Passive investing rules Wall Street now, topping actively managed assets in stock, bond and other funds

Passive investing rules Wall Street now, topping actively managed assets in stock, bond and other funds

Traders work on the floor of the New York Stock Exchange during afternoon trading on January 17, 2024 in New York City. 

Michael M. Santiago | Getty Images News | Getty Images

Passive investment products have long been pulling in the lion’s share of money from investors, but as 2023 came to a close they achieved a milestone: holding more assets than their actively managed counterparts.

The total assets under management in exchange-traded funds and notes along with passively managed mutual funds reached a combined $13.29 trillion at the end of December, nudging above the $13.23 trillion held in active assets, according to Morningstar.

While passively managed stock funds long ago took the lead, this was the first time that passively managed products surpassed active across all asset classes combined.
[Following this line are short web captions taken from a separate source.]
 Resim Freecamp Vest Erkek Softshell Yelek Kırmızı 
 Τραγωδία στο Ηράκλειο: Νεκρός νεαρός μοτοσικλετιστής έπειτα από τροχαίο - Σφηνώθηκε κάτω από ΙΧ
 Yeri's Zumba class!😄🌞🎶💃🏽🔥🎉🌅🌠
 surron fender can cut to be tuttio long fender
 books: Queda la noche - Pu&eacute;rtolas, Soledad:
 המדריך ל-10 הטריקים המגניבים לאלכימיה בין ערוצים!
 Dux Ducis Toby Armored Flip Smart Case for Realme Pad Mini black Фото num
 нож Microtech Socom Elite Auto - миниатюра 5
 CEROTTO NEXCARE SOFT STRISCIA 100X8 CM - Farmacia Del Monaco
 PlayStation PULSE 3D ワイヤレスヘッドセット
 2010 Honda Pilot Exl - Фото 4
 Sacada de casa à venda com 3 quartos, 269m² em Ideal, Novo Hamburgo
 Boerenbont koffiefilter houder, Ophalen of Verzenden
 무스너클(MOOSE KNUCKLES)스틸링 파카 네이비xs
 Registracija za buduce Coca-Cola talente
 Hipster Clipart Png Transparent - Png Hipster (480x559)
“It’s been a long time coming,” said Nicholas Colas, co-founder of DataTrek Research and one of Wall Street’s closest trackers of the ETF industry since it first started drawing investor attention. “Last year with equities it was a very difficult year for active outperformance. … It was a year when you had an initial burst of enthusiasm for a few months, then a pullback and then a rush at the end. Kind of a nightmare scenario for an active manager.”

Indeed, just in large-cap blended funds alone, passive funds raked in a net $192.8 billion for the year while active funds lost $48.6 billion, Morningstar reported. Large-cap growth funds saw a net $38.3 billion move to passive funds while active lost $91.2 billion.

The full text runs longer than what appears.